Baker Joins Members of the Senate Appropriations Committee in Questioning the Department of Corrections/Probation and Parole

(HARRSBURG) – On February 8, Governor Wolf proposed a $45.7 billion budget for fiscal year 2022-2023 that would increase spending by $4.5 billion over the current year’s budget. Based on projections, this will create a $1.3 billion deficit in FY 2023-2024 and produce a $13 billion deficit by FY 2026-27. As part of the process to enact a more responsible state budget, today, Senator Lisa Baker (R-20) participated in a Senate Appropriations Committee budget hearing with the Department of Corrections (DOC)/Board of Probation and Parole, to examine these budget requests.

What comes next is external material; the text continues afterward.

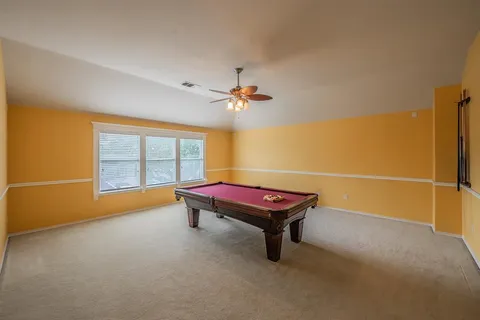 an empty room with chandelier fan and windows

As chair of the Senate Judiciary Committee, during the hearing Senator Baker questioned Acting Secretary of Corrections George Little and Board Chairman Ted Johnson regarding COVID-19 mitigation efforts, staffing shortages, community safety, a medical parole pilot program, and cost savings as a result of steps previously undertaken.  This closer look at the departments’ budgets for the coming year required a look back at some of the most recent cost drivers, including grappling with the effects of COVID-19, and moving forward to a new state of normal.

“All of us recognize that COVID-19 has had an unimaginable impact on the Department of Corrections,” Senator Baker said.  “Our frontline workers did not get to zoom or work remotely, and we appreciate the job they have done to keep people safe, especially during challenging times, like those experienced throughout the pandemic.”

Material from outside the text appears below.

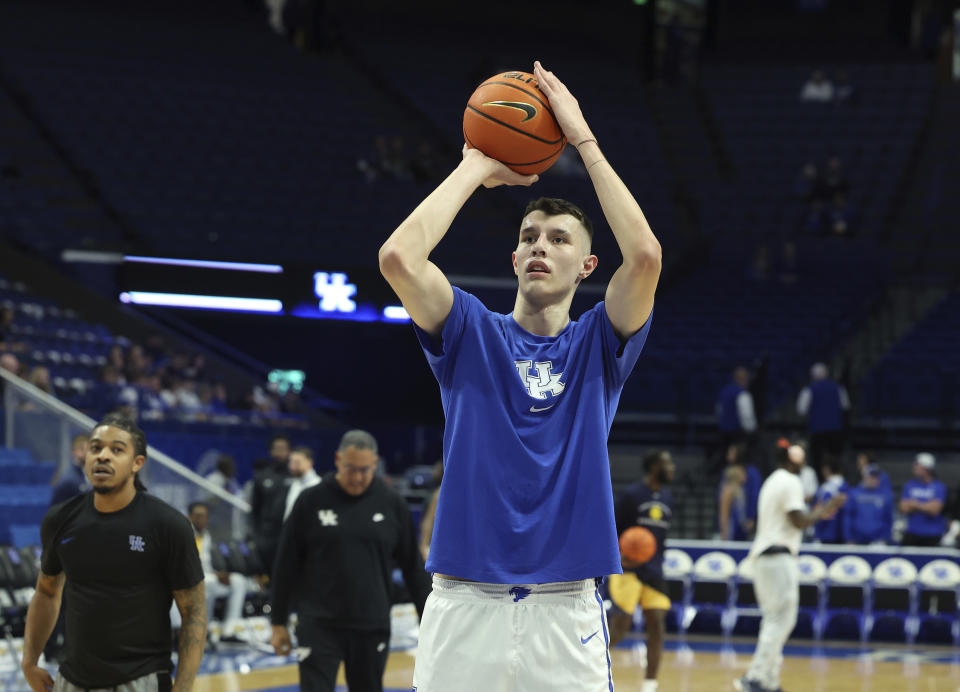 FILE - Kentucky's Zvonimir Ivisic warms up before an NCAA college basketball game against Texas A&M Commerce in Lexington, Ky., Friday, Nov. 10, 2023. Kentucky freshman forward Zvonimir Ivisic says on social media that the NCAA has cleared him to play, ending a prolonged eligibility process that had frustrated Wildcats coach John Calipari along with the fan base, Saturday, Jan. 20, 2024.(AP Photo/James Crisp, File)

Senator Baker explained that as we look at the financial future of DOC, we need to have a full picture of where COVID-19 dollars from the federal government were spent.

“Today we learned that the total amount spent on COVID-19 mitigation by DOC was $1.45 billion, of which $1.275 billion went towards personnel costs, outside of overtime pay.  I appreciate that DOC agreed at today’s hearing to provide us with a detailed breakout regarding how all these dollars were spent. As we move forward, it is clear that this same level of spending will not be able to take place in future years, and we need to make certain that there are effective plans put in place to scale back and modify these mitigation efforts.”

The hearing also spent time focusing on Senator Baker’s initiative to implement a medical parole pilot program. 

“With the age of the prison population steadily rising, currently 27% of the population is over the age of 50.  This increase in age will inevitably lead to an increase in the need for medical care.  It warrants consideration that inmates who are suffering from certain severe or terminal illnesses could be more effectively, efficiently, and humanely treated if the Commonwealth were to modify its existing procedures and adopt a medical parole program.  Legislation to implement a pilot program is being crafted and would authorize the Pennsylvania Board of Probation and Parole, in consultation with the DOC, to provide medical parole to certain inmates.  Obviously among the many considerations would be the type and seriousness of the crime committed, and input would need to be provided by victims, or the Office of Victim Advocate.”